連日、軍事侵攻のニュースが伝えられる中、ウクライナにいる家族のことが心配でインターンシップに参加するかどうか迷っていましたが、その家族からのことばが背中を押してくれたといいます。


ワルサヴァ・ボーギさん
「大変なニュースが出てくると、すぐに家族に連絡します。すると家族から『大丈夫だよ』と返事があるのでほっとします。帰国するかどうか相談した時、家族は『まだチャンスがあるから残ってください』と応援してくれました」
ワルサヴァさんは、ひとつでも多くのことを学ぼうと、強い気持ちで2週間のインターンシップに臨みました。配属先の労務部では、昼食の時間にも社員と積極的にコミュニケーションをとって、仕事の進め方や働き方について理解を深めました。
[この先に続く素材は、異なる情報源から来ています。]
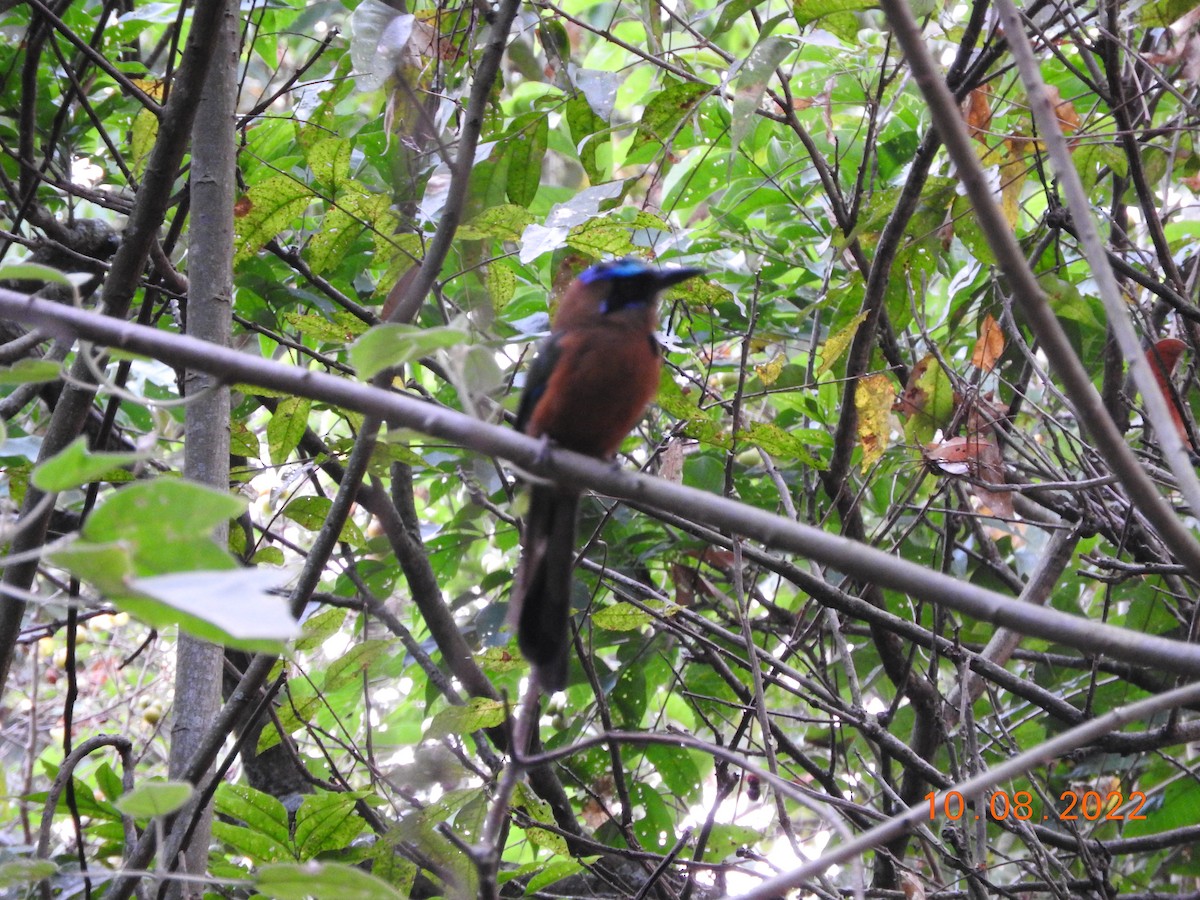 Andean Motmot - Nicol Julieth R. Urrea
そして、インターンシップの最終日、配属先の幹部などを前に学んだことを発表しました。


印象に残ったことは仕事の進め方です。新しい情報を勉強して、新しいアイデアを出して、たくさん相談して、もう一度ブラッシュアップすることでした。いろんなスキルを身につけることが出来たと感じてます
2週間、ともに働いてきた社員もワルサヴァさんの働きぶりに関心したといいます。

ブリヂストン労務部労務課 坂上朋子さん
「ワルサヴァさんが意欲的に取り組んでくれて充実したプレゼンになったと思います。ワルサヴァさんと仕事をして意識の高さや意欲っていうのは、私にとってもたくさんの刺激や気づきがありました。また機会があればぜひ一緒に仕事したい」

ワルサヴァ・ボーギさん
「人とのコミュニケーションは一番大事だと思いました。一日中ずっと日本語で自分のアイデアを出すことは難しかったですが、面白かったです。ここで得られた経験をこれからの就職活動に生かしたいです」
取材を終えて
大学によりますと、すでに卒業が決まっている学生を除くと、受け入れた学生のおよそ7割にあたる30人余りがワルサヴァさんのように4月から新学期を迎えるということです。一方、日本を離れて家族のもとに帰る学生たちについて、大学は、SNSなどを使って引き続き連絡を取り合い、必要な支援を行うことにしています。20歳前後の若さで急きょ、日本に避難し、将来を左右するような大きな決断を迫られた学生たちが、それぞれの道を前を向いて歩む姿に胸を打たれました。学生たちがどこにいても日本で学んだことを生かせる未来が訪れることを望まずにはいられません。